O historiador militar austríaco Markus Reisner compartilha dessa preocupação. "Pokrovsk é uma importante base logística para a Ucrânia. Se for perdida, isso resultará em atrasos nas entregas em outras áreas. Além disso, é uma base na terceira linha de defesa, e para além dela, há uma área aberta", diz o coronel da Academia Militar Theresiana, em Wiener Neustadt. "É por isso que a situação é tão perigosa."

Logo a oeste de Pokrovsk, não há grandes cidades que sejam importantes do ponto de vista da defesa ucraniana. Se a Ucrânia será capaz de estabelecer novas e fortes linhas de defesa é uma questão em aberto.

Segundo Reisner, isso geralmente leva meses. Para o historiador, no pior cenário, caso haja problemas com o apoio ocidental, "o Donbass pode passar definitivamente para o lado russo, resultando em uma possível ruptura que talvez só possa ser contida em Dnipro".

Como o Exército russo se aproximou de Pokrovsk

A situação em Pokrovsk, segundo observadores, é o resultado de dois acontecimentos. Primeiro, em 17 de fevereiro deste ano, a Rússia conquistou Avdiivka, um subúrbio bem fortificado de Donetsk. De Avdiivka a Pokrovsk são cerca de 60 quilômetros, e o Exército russo percorreu a maior parte dessa distância em seis meses.

O segundo acontecimento importante foi em maio, quando o Exército russo conseguiu explorar a rotação de tropas ucranianas perto do vilarejo de Ocheretyne e "romper" o front, descreve Butusov. Segundo o jornalista, as forças russas avançam em pequenos grupos.

Carroll compartilha informações semelhantes: "Em Avdiivka, a infantaria contou com o apoio de unidades mecanizadas. A Rússia dispõe agora de menos veículos blindados, e a principal ofensiva está sendo conduzida por infantaria em motocicletas e scooters, essa é a principal tática."

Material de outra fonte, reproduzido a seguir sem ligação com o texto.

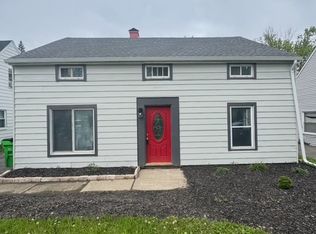 19401 Cherrywood Ln, Warrensville Heights, OH 44128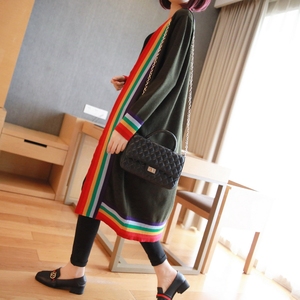 彩色条纹毛衣开衫女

Militares ucranianos em Donetsk chegam a ficar 70 dias em suas posiçõesFoto: Smoliyenko Dmytro/Ukrinform/ABACA/picture alliance

Reisner acredita que tenha sido por acaso que a área de Pokrovsk se tornou o ponto mais crítico da guerra no Donbass. "Foi lá que a Rússia conseguiu romper a segunda linha de defesa das tropas ucranianas, mas isso poderia ter ocorrido em outro lugar, como em Siversk", considera.

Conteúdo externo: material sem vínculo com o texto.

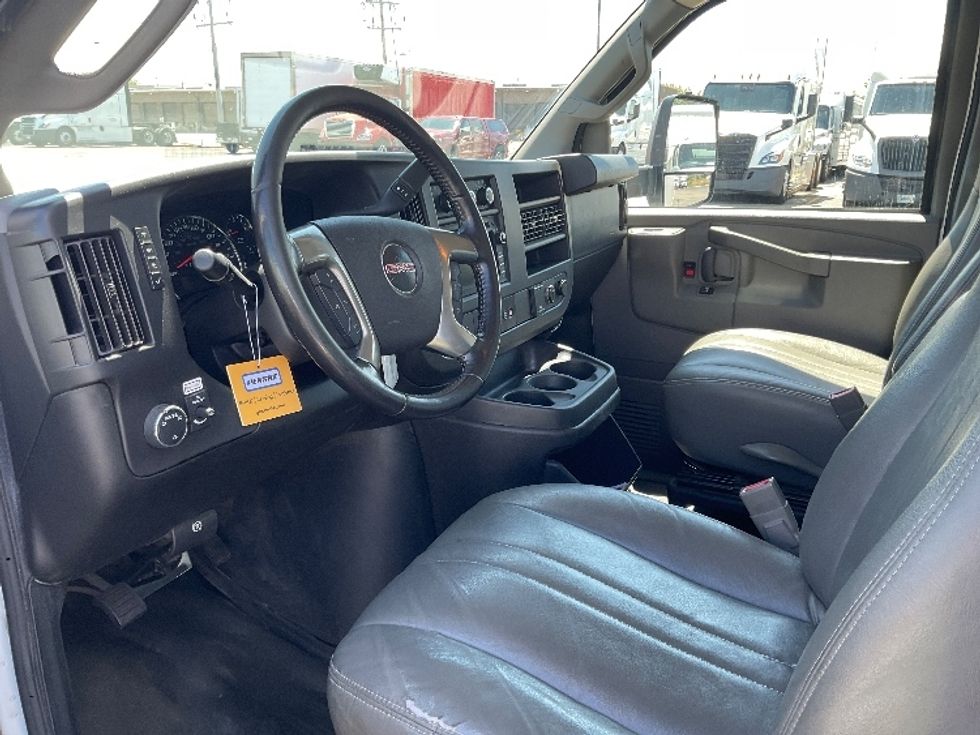 Light Duty Box Truck-Light and Medium Duty Trucks-GMC-2019-Savana G33903-Milwaukee-WI-92,397\n\t\tmiles-$ 27,250 - Image 17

Por que o Exército russo avança rumo a Pokrovsk?

Observadores citam vários fatores para explicar o avanço russo rumo a Pokrovsk, incluindo as consequências da falta de munição no inverno no hemisfério norte, quando os fornecimentos dos EUA foram interrompidos. Agora, a situação melhorou, mas a Rússia ainda está em vantagem, havendo três munições de artilharia russas para cada uma do lado ucraniano, apontou recentemente o comandante-chefe Oleksandr Syrskyi.

No entanto, essa não é a principal causa, consideram observadores. "Há um problema na organização e no planejamento das batalhas", diz Butusov.

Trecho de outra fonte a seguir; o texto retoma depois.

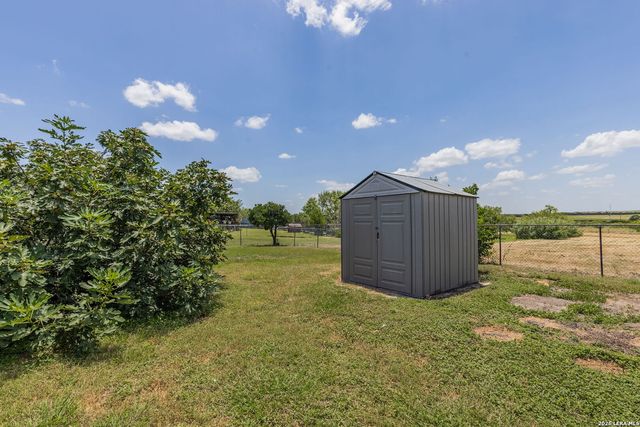 214 STARBURST TRL, Seguin, TX 78155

Carroll também menciona isso, mas, para ele, a principal razão é outra: "As forças ucranianas estão no limite, estão extremamente exaustas; alguns combatentes permanecem 30, 40 e, em alguns casos, até 70 dias em suas posições."

A ofensiva ucraniana em Kursk vai ajudar?

Muitos especialistas suspeitam que o objetivo da ofensiva ucraniana em Kursk, em território russo, seja reduzir a pressão da Rússia sobre o Donbass. Até agora, isso talvez não tenha ocorrido na medida que Kiev esperava, e observadores acreditam que esse suposto objetivo não será alcançado.

A Rússia, na realidade, intensificou seus esforços, observa Carroll. Um militar ucraniano disse ao correspondente que, além da falta de munição para as tropas de Kiev, desde o início do ano a Rússia "melhorou significativamente seu sistema de rastreamento e destruição de artilharia".